Cauchy-Riemann Equations problem (f(z) = ze^-z)

  1. Dec 2, 2006 #1
    This is not a homework problem - it was in a review book that I am studying before finals. The problem stated: Verify the Cauchy-Riemann equations for the following functions. Deduce that they are analytic. The function I am having trouble with is [tex] f(z) = z e^{-z} [/tex]

    Now, before I show my work, I just want to say that it seems quite obvious that this function is analytic, without the use of the Cauchy-Riemann functions.

    [tex] g(z) = z [/tex], the identity map, is entire.
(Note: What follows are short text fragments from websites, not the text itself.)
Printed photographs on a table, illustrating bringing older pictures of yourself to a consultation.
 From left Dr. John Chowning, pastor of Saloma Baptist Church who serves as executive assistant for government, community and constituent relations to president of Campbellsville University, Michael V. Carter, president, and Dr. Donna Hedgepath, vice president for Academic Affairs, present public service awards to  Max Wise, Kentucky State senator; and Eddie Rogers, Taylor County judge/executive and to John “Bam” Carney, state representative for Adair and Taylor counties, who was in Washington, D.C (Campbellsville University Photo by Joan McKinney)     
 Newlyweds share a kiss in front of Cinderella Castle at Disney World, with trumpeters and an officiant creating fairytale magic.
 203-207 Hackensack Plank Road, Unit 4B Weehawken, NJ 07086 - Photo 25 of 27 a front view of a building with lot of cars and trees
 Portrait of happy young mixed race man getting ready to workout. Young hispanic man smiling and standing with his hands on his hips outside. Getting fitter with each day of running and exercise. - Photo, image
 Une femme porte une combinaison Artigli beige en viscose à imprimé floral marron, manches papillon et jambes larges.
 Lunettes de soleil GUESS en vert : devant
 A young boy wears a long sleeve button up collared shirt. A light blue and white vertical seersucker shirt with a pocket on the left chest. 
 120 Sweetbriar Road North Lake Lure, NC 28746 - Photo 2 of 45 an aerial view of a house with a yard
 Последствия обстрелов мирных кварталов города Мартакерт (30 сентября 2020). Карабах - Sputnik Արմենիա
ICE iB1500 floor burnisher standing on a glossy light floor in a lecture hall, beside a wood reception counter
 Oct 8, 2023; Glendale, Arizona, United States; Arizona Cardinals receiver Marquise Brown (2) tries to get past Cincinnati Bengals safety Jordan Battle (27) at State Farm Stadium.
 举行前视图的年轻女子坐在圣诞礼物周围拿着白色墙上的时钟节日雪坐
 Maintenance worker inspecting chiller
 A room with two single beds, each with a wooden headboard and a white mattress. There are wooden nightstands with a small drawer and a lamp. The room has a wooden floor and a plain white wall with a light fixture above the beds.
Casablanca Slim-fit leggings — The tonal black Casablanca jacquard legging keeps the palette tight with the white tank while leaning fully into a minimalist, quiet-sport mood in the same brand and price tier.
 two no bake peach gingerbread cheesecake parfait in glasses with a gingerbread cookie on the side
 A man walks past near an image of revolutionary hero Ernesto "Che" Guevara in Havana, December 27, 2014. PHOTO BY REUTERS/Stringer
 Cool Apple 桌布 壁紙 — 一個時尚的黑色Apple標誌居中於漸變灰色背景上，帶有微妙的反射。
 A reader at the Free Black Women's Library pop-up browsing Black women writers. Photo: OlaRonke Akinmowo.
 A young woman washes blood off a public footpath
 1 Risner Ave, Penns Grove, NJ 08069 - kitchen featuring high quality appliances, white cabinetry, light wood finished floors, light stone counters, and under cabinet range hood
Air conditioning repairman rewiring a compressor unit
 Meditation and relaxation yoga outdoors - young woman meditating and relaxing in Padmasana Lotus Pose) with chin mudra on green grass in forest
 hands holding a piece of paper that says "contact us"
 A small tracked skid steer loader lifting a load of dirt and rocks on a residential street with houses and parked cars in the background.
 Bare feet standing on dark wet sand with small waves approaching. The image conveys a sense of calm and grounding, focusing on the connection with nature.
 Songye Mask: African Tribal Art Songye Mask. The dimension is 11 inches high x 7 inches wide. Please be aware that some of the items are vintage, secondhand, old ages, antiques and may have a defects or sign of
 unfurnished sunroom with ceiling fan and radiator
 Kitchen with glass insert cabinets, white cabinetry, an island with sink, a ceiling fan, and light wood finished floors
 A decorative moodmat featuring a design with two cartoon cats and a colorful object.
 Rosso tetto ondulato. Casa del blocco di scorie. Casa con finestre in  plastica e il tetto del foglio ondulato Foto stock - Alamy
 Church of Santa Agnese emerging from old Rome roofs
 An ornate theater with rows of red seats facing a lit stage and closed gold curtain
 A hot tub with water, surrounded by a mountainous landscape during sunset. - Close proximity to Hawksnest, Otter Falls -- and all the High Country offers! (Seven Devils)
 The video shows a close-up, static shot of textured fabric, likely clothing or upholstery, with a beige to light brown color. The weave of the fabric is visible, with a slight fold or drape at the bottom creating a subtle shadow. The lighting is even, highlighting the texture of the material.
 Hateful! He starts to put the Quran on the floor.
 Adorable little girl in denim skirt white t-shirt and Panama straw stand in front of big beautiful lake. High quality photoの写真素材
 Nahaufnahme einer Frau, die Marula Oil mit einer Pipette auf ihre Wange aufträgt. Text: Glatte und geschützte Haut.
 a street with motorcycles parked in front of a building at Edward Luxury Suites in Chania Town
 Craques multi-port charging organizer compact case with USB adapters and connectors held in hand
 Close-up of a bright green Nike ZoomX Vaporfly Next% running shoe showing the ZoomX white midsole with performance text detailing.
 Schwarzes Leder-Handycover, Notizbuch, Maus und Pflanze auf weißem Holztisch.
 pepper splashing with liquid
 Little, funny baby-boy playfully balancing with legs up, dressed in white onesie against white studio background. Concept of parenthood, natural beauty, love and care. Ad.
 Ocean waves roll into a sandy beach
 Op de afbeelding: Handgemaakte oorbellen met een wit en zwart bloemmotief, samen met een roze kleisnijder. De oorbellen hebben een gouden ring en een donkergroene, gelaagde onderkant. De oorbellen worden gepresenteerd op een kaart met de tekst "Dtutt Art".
    [tex] h(z) = e^{z} [/tex] is also entire, and never equal to zero.

    Therefore, since [tex] f(x) = ze^{-z} = \frac{g(z)}{h(z)} [/tex] is the quotient of two entire functions (and the denominator is never 0) it must also be entire.

    I also checked that the Cauchy-Riemann equations work for both functions [tex] g [/tex] and [tex] \frac{1}{h} [/tex] individually, but when I multiply them together, it doesn't work out. Where's my mistake?

    [tex] z = x + iy [/tex]

    [tex] ze^{-z} = (x + iy)(e^{-x}(cos y - i sin y)) = x e^{-x} cos y + y sin y + i (y e^{-x} cos y - x sin y) [/tex]

    So, let the real part of this function be [tex] U(x,y) [/tex] and let the imaginary part be [tex] V(x,y) [/tex].

    The Cauchy-Riemann equations say that [tex] U_x = V_y [/tex] and [tex] U_y = - V_x [/tex]. But I get:

    [tex] U_x = -x e^{-x} cos y + e^{-x} cos y [/tex]

    [tex] V_y = -y e^{-x} sin y + e^{-x} cosy - x cos y [/tex]

    Clearly, these aren't the same...

    Thanks for your help!
    Last edited: Dec 2, 2006
  2. jcsd
  3. Dec 2, 2006 #2
    The exponent [itex]e^{-x}[/itex] should be a common factor for all of your terms.. but in the line where you multiply everything out, you seem to have dropped it from some terms..

    [tex] ze^{-z} = (x + iy)(e^{-x}(cos y - i sin y)) \neq x e^{-x} cos y + y sin y + i (y e^{-x} cos y - x sin y) [/tex]
  4. Dec 2, 2006 #3
    Oh, I see... duh.

  5. Dec 2, 2006 #4


    User Avatar
    Science Advisor

    In your equation for ze-z, your expressions for U and V are incorrect. e-x multiplies all terms.